The Heroes of Weaverham are now set up in the reasonably safe and cosmopolitan town of Dolmvay (a nice nod that I took piecemeal from the Labyrinth Lord rulebook), renting an outbuilding from a down-on-his-luck minor noble while trying out their new magical toy, a mirror that sends them to various odd places.
This time the party decided to go through the mirror to the "seaside-smelling place", which turned out to be the island described here and here. Initially, they came through right as the sun was starting to go down. They used the 40 minutes of decent light that they had left to quickly scout out the town and then nipped back through the mirror as night was starting to fall. They decided to then go to sleep and wake up in the dead of night, which they calculated as being early morning through the mirror.
They did so and this time continued scouting out the town. They found the altar and figured out that they could open it; they decided not to in case there were catacombs below. After scouting the jungle and finding the detritus that surrounded the town, they got a little freaked and then decided to check out the beach, eventually hiking all the way around the island -- after a number of hours of hiking, they made it around to the fecund stream that ran out of the hideout described in the second post above. Going up the creek, they got to within a few hundred feet of the cave opening before losing their nerve and going back to the beach. It took about 10 minutes for them to figure out a way to get across the creek without actually touching the water and after getting back to the town, they decided to open the altar.
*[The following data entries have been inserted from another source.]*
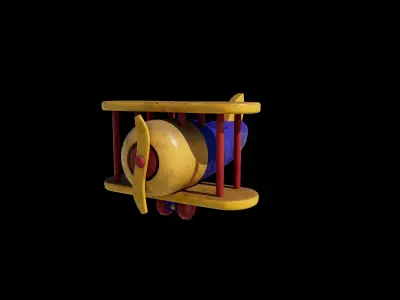 Wooden Airplane Toy 3D model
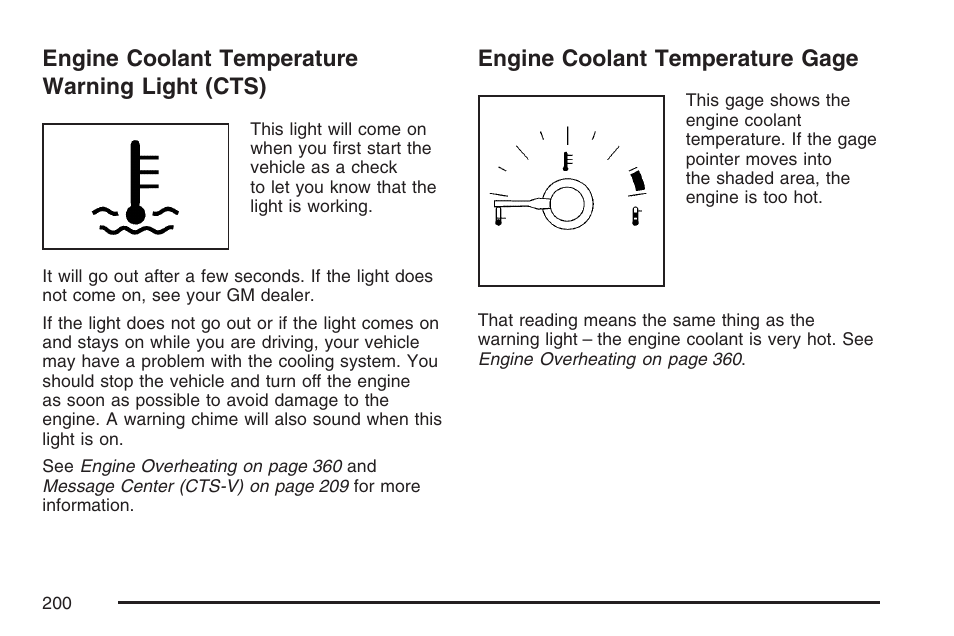 Engine coolant temperature warning light (cts), Engine coolant temperature gage, Engine coolant temperature warning | Light (cts) | Cadillac CTS User Manual | Page 200 / 518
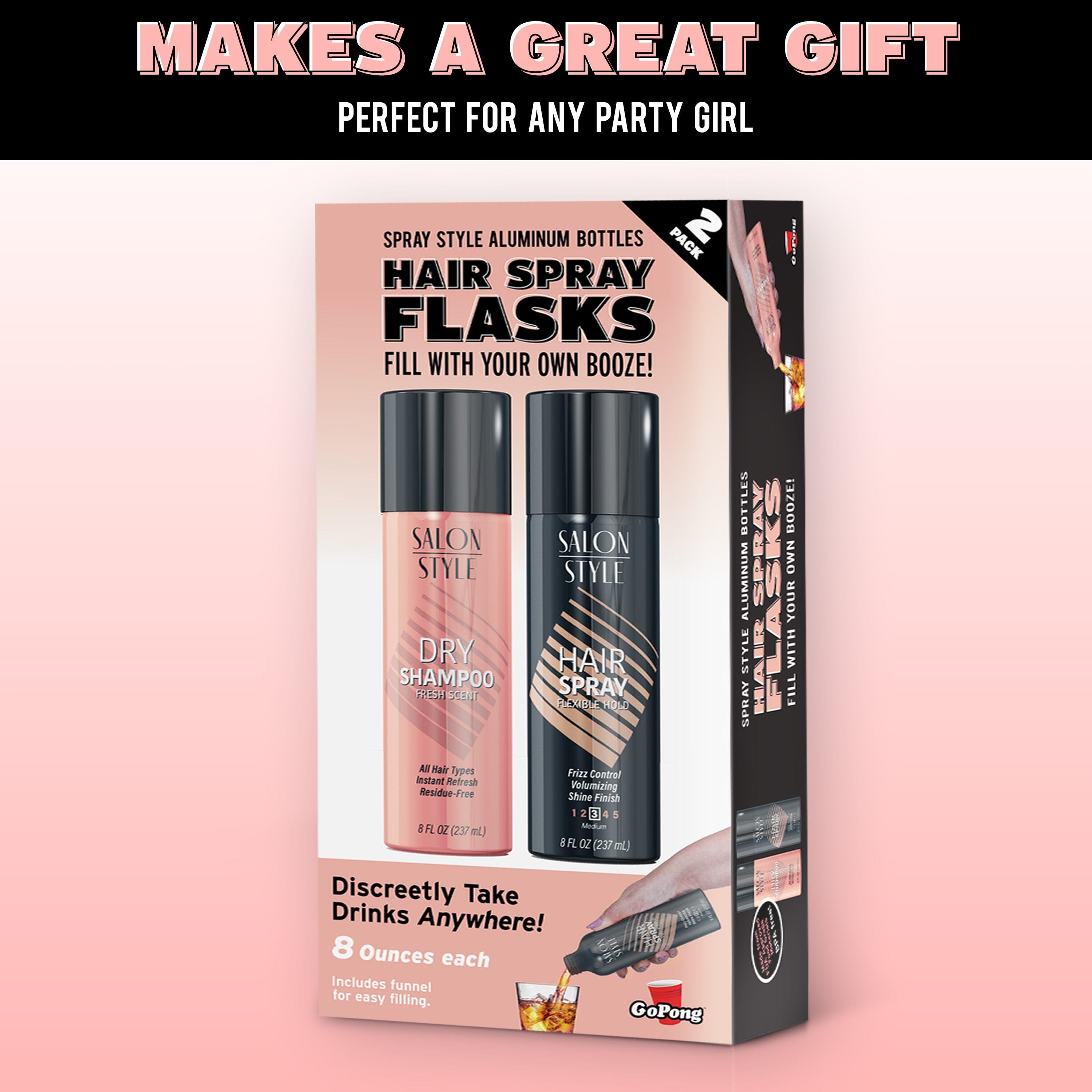 GoPong Hair Spray Flask 2 Pack (16 oz Total) - Hidden Alcohol Travel Flasks for Women GoSports 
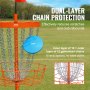 Panier de golf à disque VEVOR avec chaînes à double couche pour une meilleure protection et performance sur un terrain herbeux.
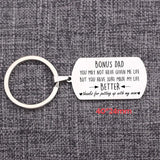 Stainless Steel Bonus Dad Charm Keychain For Father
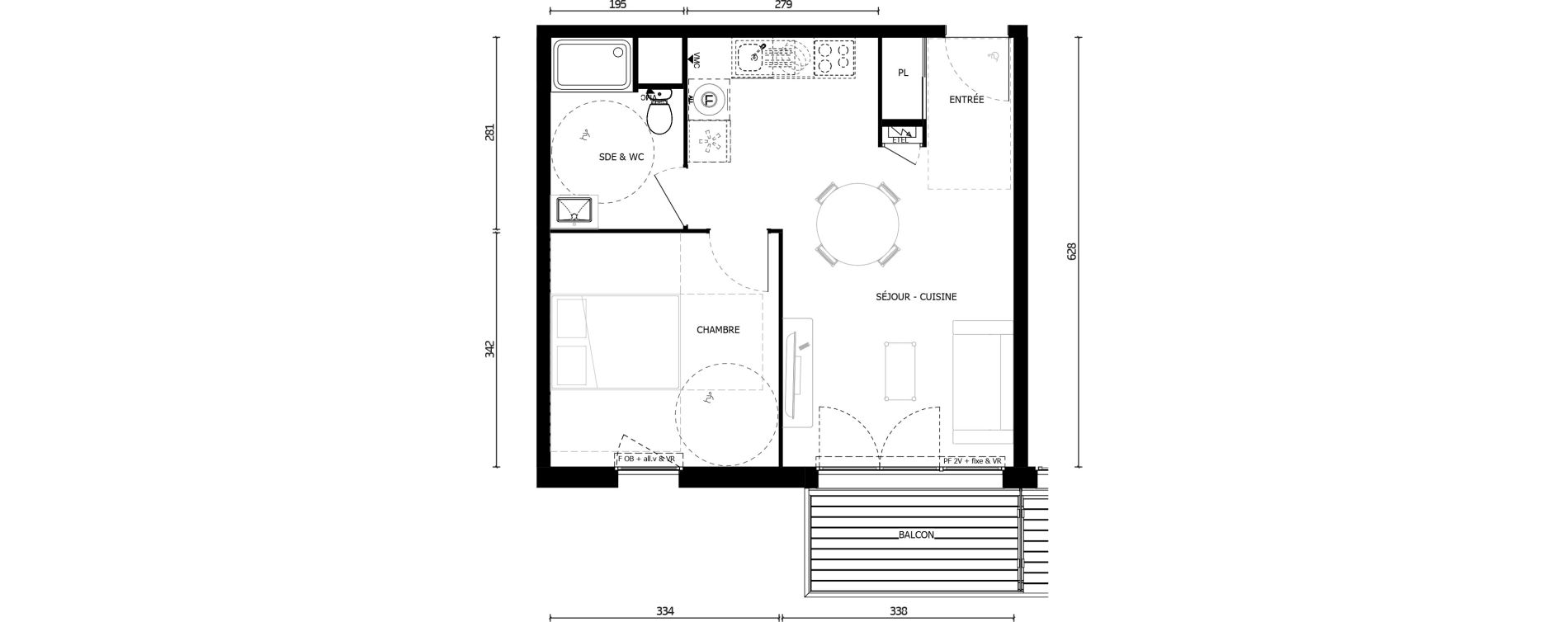 Appartement T2 de 41,00 m2 &agrave; Armenti&egrave;res Centre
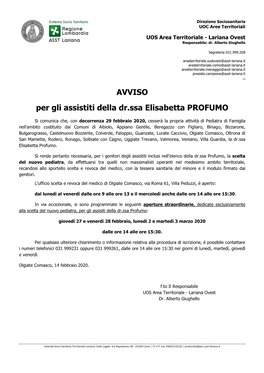 Avviso Cessazione Dr.Ssa Elisabetta Profumo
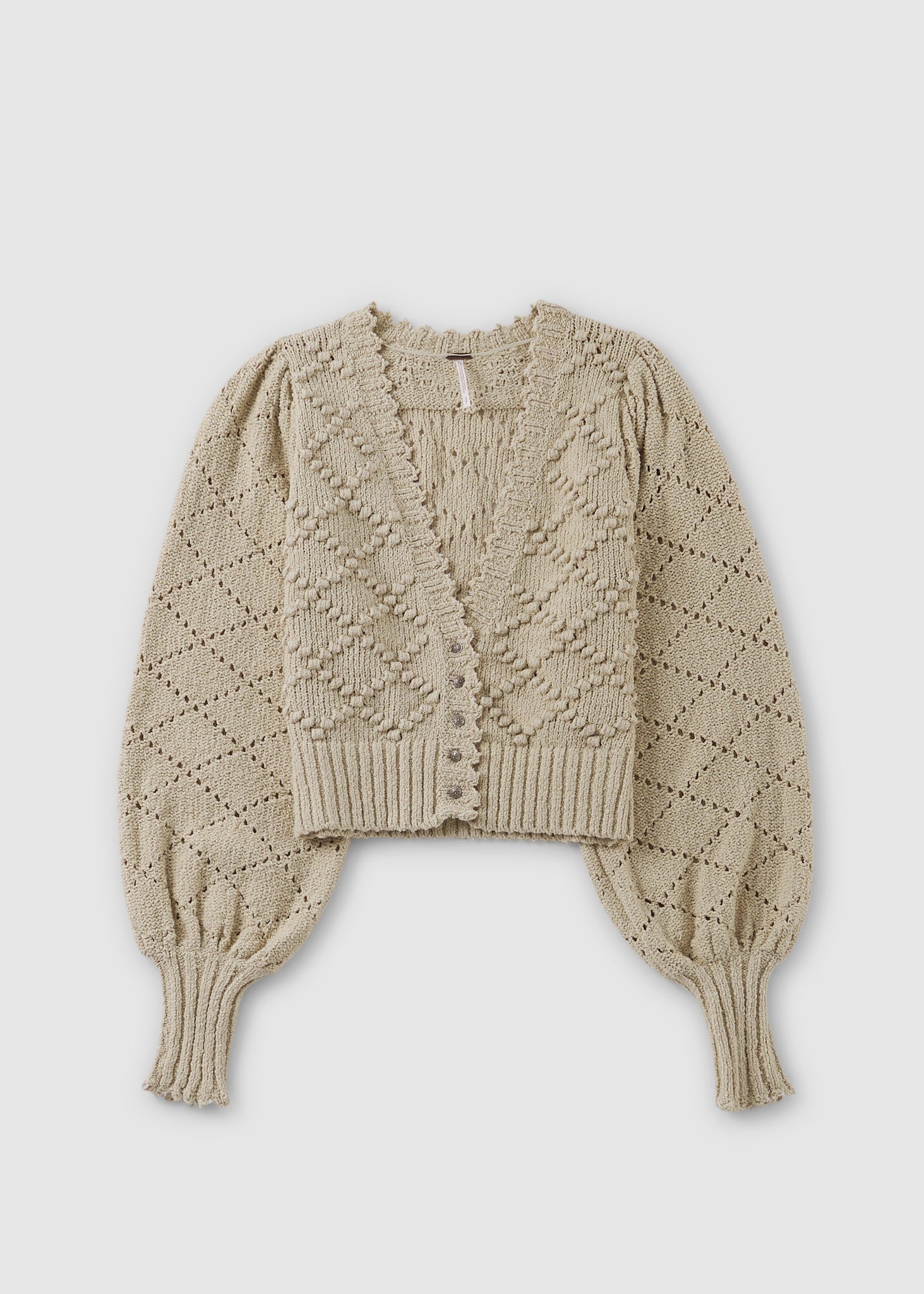 Image of Free People Womens Polly Bobble Crop Cardigan In Oatmeal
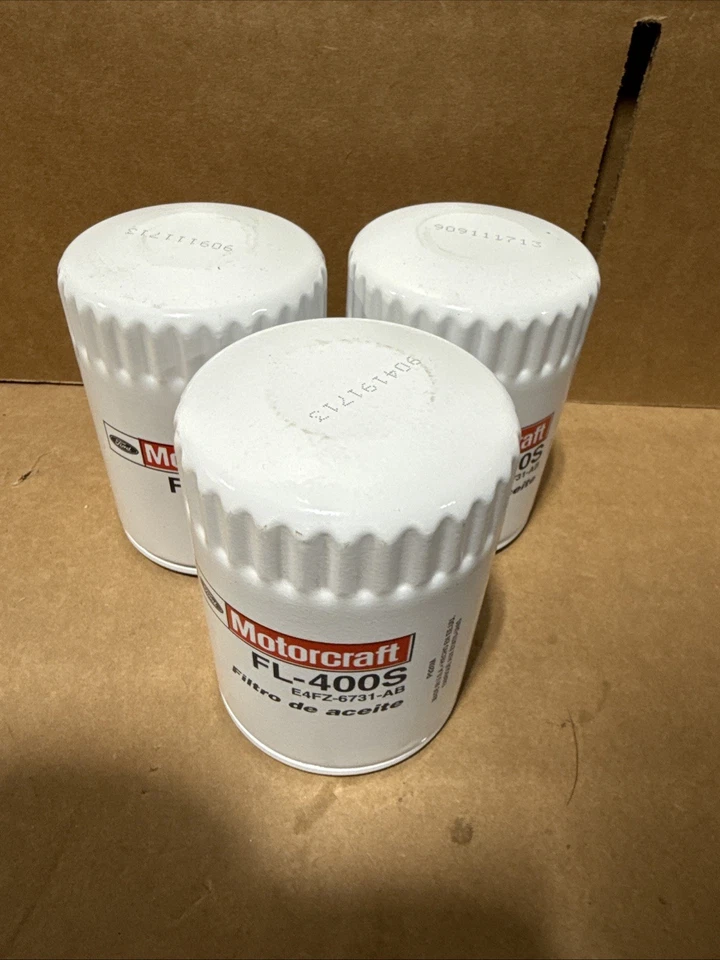 🔥Filtro de aceite de motor OEM Motorcraft FL-400-S nuevo genuino Ford E4FZ6731A juego de 3 Foto 4 de 4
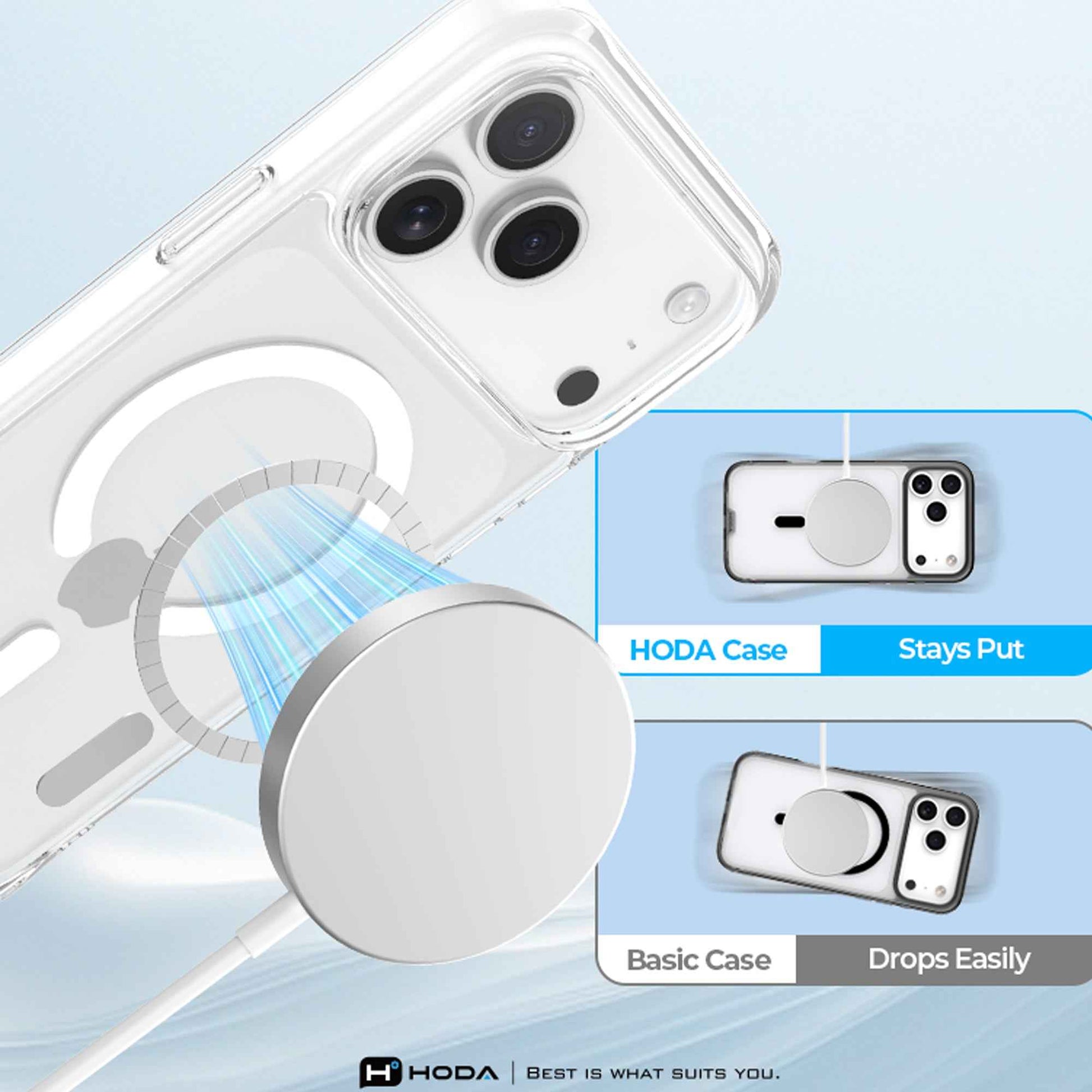 Hoda Crystal Pro for iPhone 17 Series - Military Standard Protection Case with MagSafe Compatible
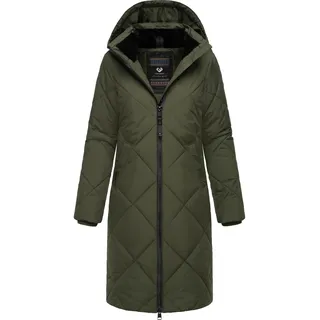 Steppmantel RAGWEAR "Steppmantel Rebela", Damen, Gr. L, grün (schwarz olive), Obermaterial: 100% Polyester PES.  Obermaterial: Futter: 100% Polyester PES. 100% Polyester PES., Mäntel Steppmantel
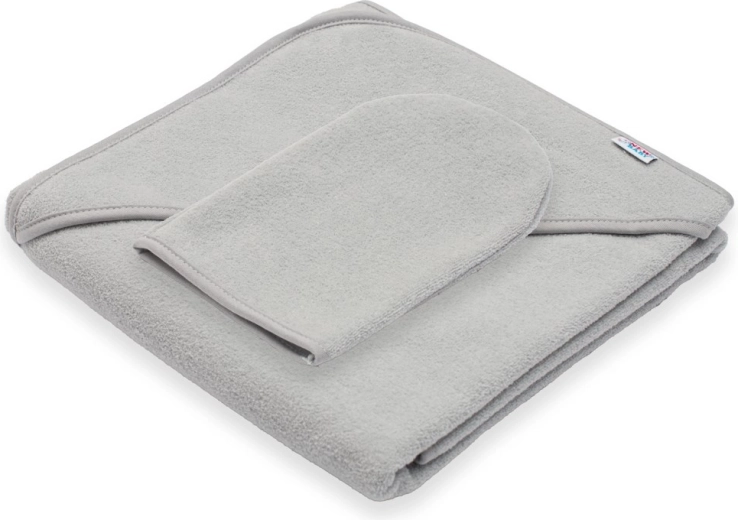 Asciugamano in spugna per bambini con cappuccio New Baby Basic 80 × 80 cm grigio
Upon finding the religious artifacts, they immediately jumped back through the mirror and set about having them appraised, including taking the kris blades to the local weaponsmith and paying him for his professional opinion. I was somewhat surprised by this, especially since they had cast Detect Magic and knew that all of these items were minorly magical; apparently the lure of gold (which will doubtless be spent carousing) is stronger than any potential utility that these items might serve.
It's definitely a trend now with this party, they seem uneasy about entering into dungeon-y type areas or taking on obvious threats while concentrating on grabbing whatever loot they can and then scarpering back to town to spend their ill-gotten gains on debauchery. Considering the mortality rate of their Labyrinth Lord characters compared to the campaigns run in other systems, this kind of reaction shouldn't be too surprising, I guess it's also accentuated by the fact that when they have ventured into dangerous situations, they've managed to avoid most of the richest rewards through bad luck and general trepidation, which would reinforce the desire to be risk-averse.